# What needs to be done
Would you output, exactly as written, the line with "Bamboo Collar Gucci" and all lines after it to the end of the data below, and no others?

--- START ---

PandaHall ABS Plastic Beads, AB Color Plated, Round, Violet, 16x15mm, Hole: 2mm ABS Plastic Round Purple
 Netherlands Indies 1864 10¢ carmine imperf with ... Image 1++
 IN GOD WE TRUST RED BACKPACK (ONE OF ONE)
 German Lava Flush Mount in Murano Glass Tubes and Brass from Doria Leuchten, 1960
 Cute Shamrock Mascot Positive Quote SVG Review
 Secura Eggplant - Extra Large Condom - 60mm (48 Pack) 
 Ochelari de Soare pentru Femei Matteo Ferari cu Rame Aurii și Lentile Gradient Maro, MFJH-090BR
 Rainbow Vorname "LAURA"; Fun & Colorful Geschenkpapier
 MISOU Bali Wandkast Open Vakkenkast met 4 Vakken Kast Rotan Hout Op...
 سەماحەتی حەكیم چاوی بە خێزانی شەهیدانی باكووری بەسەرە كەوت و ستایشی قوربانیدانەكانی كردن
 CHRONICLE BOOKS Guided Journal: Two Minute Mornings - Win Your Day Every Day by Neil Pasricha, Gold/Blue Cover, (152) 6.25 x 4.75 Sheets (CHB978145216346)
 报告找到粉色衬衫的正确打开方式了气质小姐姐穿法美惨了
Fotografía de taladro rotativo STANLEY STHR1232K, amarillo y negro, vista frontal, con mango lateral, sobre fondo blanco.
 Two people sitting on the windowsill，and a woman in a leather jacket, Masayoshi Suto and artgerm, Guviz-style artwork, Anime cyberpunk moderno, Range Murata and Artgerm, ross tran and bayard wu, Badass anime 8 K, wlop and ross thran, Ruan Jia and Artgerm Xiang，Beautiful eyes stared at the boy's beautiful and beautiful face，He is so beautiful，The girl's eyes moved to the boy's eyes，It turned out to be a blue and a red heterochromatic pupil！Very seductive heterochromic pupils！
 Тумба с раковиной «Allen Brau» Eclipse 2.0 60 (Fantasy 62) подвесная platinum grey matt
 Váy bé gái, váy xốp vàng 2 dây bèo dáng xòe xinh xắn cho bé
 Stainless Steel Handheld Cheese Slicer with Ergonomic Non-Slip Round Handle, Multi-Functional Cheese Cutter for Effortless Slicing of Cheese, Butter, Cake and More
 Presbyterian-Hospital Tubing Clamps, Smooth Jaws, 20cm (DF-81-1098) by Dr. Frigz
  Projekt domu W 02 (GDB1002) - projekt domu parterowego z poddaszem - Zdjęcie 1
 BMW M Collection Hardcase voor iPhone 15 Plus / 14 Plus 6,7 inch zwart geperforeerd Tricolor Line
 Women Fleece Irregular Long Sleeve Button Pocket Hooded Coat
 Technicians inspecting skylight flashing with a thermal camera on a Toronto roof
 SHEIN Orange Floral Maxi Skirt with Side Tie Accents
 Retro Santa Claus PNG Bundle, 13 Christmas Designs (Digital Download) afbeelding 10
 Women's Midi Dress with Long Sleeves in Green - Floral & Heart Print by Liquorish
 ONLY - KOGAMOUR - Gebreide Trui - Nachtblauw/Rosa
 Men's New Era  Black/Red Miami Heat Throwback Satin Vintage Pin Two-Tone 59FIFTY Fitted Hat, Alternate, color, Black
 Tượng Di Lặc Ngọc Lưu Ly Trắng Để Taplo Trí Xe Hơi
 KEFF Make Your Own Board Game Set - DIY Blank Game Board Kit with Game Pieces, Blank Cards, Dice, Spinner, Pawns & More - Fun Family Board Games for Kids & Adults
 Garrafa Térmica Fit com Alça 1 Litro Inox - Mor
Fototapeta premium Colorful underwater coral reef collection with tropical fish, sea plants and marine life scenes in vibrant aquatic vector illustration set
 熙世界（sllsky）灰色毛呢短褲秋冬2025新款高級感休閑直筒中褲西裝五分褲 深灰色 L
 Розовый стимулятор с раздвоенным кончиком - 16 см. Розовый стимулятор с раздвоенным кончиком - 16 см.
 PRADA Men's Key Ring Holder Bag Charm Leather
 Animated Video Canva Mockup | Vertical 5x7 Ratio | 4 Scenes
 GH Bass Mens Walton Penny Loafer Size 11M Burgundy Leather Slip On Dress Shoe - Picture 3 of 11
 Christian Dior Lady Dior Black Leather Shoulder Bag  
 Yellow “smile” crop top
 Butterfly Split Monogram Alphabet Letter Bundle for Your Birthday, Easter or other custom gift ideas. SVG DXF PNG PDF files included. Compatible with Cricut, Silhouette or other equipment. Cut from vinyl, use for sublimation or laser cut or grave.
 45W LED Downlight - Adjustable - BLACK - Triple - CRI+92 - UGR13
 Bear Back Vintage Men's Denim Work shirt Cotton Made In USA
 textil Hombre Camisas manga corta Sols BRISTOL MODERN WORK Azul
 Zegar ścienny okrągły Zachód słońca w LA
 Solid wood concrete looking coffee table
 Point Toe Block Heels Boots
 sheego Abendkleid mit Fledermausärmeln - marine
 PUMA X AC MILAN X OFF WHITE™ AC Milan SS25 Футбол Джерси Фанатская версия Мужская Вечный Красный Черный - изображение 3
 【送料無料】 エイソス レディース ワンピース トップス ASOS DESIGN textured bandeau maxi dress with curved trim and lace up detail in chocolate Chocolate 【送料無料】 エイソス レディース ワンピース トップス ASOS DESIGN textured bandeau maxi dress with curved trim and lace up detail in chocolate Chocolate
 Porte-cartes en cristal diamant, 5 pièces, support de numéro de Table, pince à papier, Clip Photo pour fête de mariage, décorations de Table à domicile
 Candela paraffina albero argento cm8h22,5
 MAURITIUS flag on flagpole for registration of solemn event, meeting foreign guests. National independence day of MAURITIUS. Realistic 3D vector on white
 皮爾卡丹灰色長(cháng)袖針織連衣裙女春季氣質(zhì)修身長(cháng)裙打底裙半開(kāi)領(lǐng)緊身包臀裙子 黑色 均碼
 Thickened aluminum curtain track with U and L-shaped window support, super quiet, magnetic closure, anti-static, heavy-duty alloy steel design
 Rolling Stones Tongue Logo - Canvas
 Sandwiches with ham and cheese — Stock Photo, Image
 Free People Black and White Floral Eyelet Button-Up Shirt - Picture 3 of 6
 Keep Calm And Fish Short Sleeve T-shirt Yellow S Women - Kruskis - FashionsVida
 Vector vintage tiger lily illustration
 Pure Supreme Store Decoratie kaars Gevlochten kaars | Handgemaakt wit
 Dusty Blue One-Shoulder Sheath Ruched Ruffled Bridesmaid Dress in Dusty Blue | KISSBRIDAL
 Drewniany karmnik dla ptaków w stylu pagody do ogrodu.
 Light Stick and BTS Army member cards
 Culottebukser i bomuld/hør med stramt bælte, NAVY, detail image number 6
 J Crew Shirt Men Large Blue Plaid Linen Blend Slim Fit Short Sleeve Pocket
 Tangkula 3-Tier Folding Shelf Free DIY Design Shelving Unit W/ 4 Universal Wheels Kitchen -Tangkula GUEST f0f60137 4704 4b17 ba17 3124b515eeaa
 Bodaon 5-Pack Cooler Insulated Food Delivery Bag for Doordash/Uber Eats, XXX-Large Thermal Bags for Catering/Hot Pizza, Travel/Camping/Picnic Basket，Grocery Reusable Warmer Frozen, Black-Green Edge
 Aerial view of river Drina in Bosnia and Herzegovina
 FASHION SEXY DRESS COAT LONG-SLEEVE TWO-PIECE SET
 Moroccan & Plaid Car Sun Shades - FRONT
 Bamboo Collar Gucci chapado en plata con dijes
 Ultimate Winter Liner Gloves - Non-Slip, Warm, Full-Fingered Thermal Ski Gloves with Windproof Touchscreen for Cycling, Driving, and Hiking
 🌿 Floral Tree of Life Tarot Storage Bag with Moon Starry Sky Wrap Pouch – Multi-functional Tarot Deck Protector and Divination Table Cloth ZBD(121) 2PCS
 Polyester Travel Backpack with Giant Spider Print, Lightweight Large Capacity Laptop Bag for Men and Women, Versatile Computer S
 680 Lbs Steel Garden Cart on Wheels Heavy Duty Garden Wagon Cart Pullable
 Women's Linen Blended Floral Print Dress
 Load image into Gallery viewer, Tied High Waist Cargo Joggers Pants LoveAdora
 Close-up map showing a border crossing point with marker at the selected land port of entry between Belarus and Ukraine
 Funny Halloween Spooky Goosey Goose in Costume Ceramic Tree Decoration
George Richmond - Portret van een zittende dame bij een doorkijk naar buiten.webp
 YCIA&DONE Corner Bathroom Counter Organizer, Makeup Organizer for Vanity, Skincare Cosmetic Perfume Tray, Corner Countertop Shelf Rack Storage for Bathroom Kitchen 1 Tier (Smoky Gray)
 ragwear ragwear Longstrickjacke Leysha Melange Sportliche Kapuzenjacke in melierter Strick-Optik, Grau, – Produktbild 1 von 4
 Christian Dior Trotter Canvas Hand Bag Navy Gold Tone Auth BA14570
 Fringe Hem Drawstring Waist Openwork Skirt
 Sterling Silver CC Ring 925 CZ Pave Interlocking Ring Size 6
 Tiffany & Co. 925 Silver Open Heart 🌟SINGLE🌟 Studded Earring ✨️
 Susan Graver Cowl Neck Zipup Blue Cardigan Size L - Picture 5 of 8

--- END ---

# Task output
 Bamboo Collar Gucci chapado en plata con dijes
 Ultimate Winter Liner Gloves - Non-Slip, Warm, Full-Fingered Thermal Ski Gloves with Windproof Touchscreen for Cycling, Driving, and Hiking
 🌿 Floral Tree of Life Tarot Storage Bag with Moon Starry Sky Wrap Pouch – Multi-functional Tarot Deck Protector and Divination Table Cloth ZBD(121) 2PCS
 Polyester Travel Backpack with Giant Spider Print, Lightweight Large Capacity Laptop Bag for Men and Women, Versatile Computer S
 680 Lbs Steel Garden Cart on Wheels Heavy Duty Garden Wagon Cart Pullable
 Women's Linen Blended Floral Print Dress
 Load image into Gallery viewer, Tied High Waist Cargo Joggers Pants LoveAdora
 Close-up map showing a border crossing point with marker at the selected land port of entry between Belarus and Ukraine
 Funny Halloween Spooky Goosey Goose in Costume Ceramic Tree Decoration
George Richmond - Portret van een zittende dame bij een doorkijk naar buiten.webp
 YCIA&DONE Corner Bathroom Counter Organizer, Makeup Organizer for Vanity, Skincare Cosmetic Perfume Tray, Corner Countertop Shelf Rack Storage for Bathroom Kitchen 1 Tier (Smoky Gray)
 ragwear ragwear Longstrickjacke Leysha Melange Sportliche Kapuzenjacke in melierter Strick-Optik, Grau, – Produktbild 1 von 4
 Christian Dior Trotter Canvas Hand Bag Navy Gold Tone Auth BA14570
 Fringe Hem Drawstring Waist Openwork Skirt
 Sterling Silver CC Ring 925 CZ Pave Interlocking Ring Size 6
 Tiffany & Co. 925 Silver Open Heart 🌟SINGLE🌟 Studded Earring ✨️
 Susan Graver Cowl Neck Zipup Blue Cardigan Size L - Picture 5 of 8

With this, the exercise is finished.